The Citizenship Act of 1982 provided that any child born in Botswana became a national, unless at the time of birth, it acquired nationality elsewhere through descent from its father. It allowed only illegitimate children to derive nationality from a mother if she was a native-born Motswana, but for derivation of nationality from a father, the requirement was only that he be a national. It had no provisions for a wife to facilitate the naturalisation of her foreign spouse; however, foreign wives were allowed to naturalise after a residency period of two and a half years. To comply with international agreements like the Convention on the Nationality of Married Women and the Convention on the Elimination of All Forms of Discrimination Against Women, it did not require that women acquire a husband's nationality upon marriage.

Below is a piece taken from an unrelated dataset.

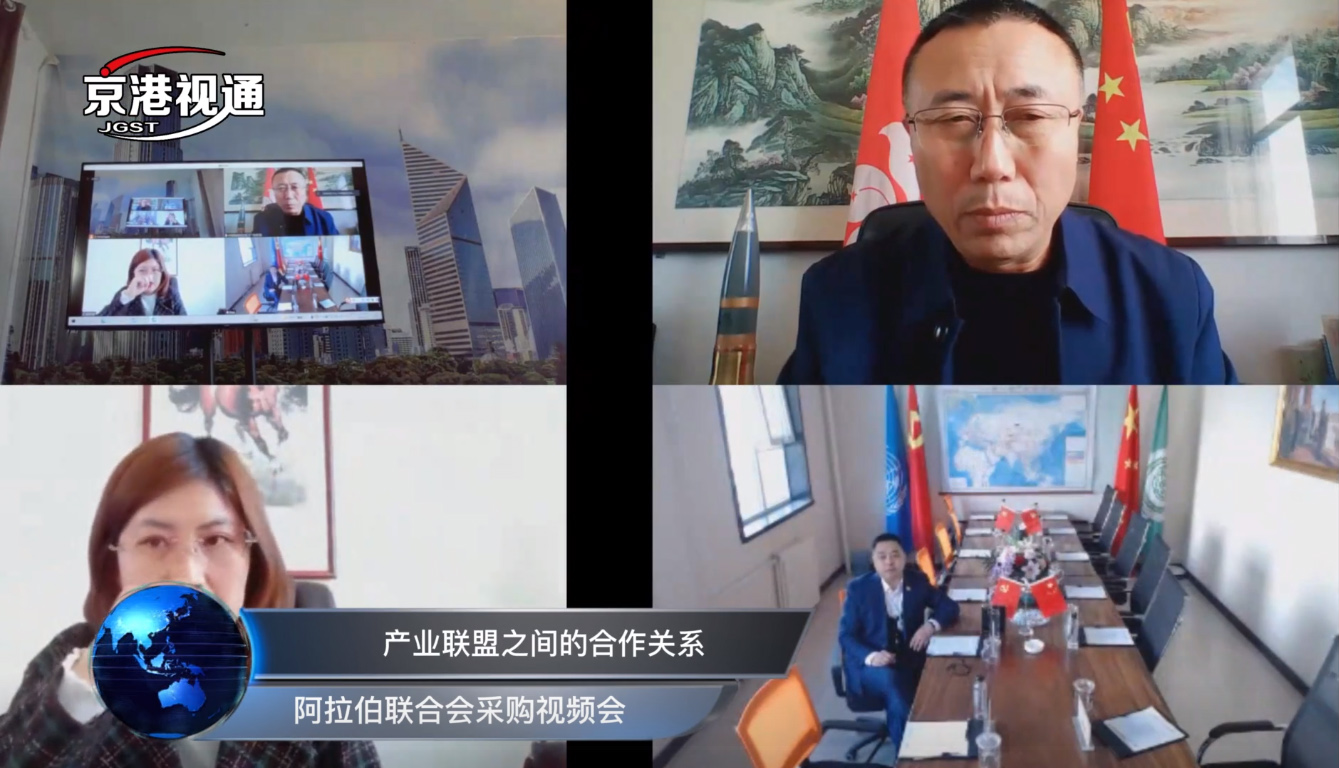 绿建产业联盟和阿拉伯商业联合会召开线上采购交流会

Though the Act of 1982 provided for any child born in Botswana to become a national, Botswana ended its provision for jus soli in 1984. Other provisions remained the same reiterating that legitimate children born anywhere could obtain the nationality of their Motswana father; only illegitimate children could obtain their mother's status; and while a foreign wife could be naturalised under preferential terms if married to a Motswana husband, the same did not hold true for a foreign husband of Motswana wife. In 1992, Unity Dow successfully challenged the law, sparking women to press for changes to nationality laws across Africa. A new Citizenship Act was enacted in 1995, eliminating the gender discrepancies in the prior legislation. In 2021, Sithabile Pauline Mathe, instituted a legal challenge to Botswana's prohibition of dual nationality. Mathe claimed that the Citizenship Act of 1998 was discriminatory as it required her children to choose between their father's and mother's heritage and swear an oath of allegiance which was not required of other nationals considered Batswana by birth.